* **Task prompt**
Retype, word for word, every line of the records below starting at the one that contains "Chanel Caviar Quilted" and ending at the one that contains "A marketer setting"; include both of those lines and nothing more.

* **Data for processing**

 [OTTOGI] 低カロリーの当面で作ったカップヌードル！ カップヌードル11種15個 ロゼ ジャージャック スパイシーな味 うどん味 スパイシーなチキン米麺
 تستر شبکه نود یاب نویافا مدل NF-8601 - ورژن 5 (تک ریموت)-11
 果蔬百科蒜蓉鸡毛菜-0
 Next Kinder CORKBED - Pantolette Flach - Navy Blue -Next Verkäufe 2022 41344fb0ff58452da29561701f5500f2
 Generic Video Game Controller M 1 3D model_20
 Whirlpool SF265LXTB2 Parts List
--
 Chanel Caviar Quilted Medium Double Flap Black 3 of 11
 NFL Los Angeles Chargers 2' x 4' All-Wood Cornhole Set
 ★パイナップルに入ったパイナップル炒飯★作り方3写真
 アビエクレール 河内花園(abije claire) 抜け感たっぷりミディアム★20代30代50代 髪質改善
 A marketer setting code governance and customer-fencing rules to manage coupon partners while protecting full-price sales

* **Answer section**
 Chanel Caviar Quilted Medium Double Flap Black 3 of 11
 NFL Los Angeles Chargers 2' x 4' All-Wood Cornhole Set
 ★パイナップルに入ったパイナップル炒飯★作り方3写真
 アビエクレール 河内花園(abije claire) 抜け感たっぷりミディアム★20代30代50代 髪質改善
 A marketer setting code governance and customer-fencing rules to manage coupon partners while protecting full-price sales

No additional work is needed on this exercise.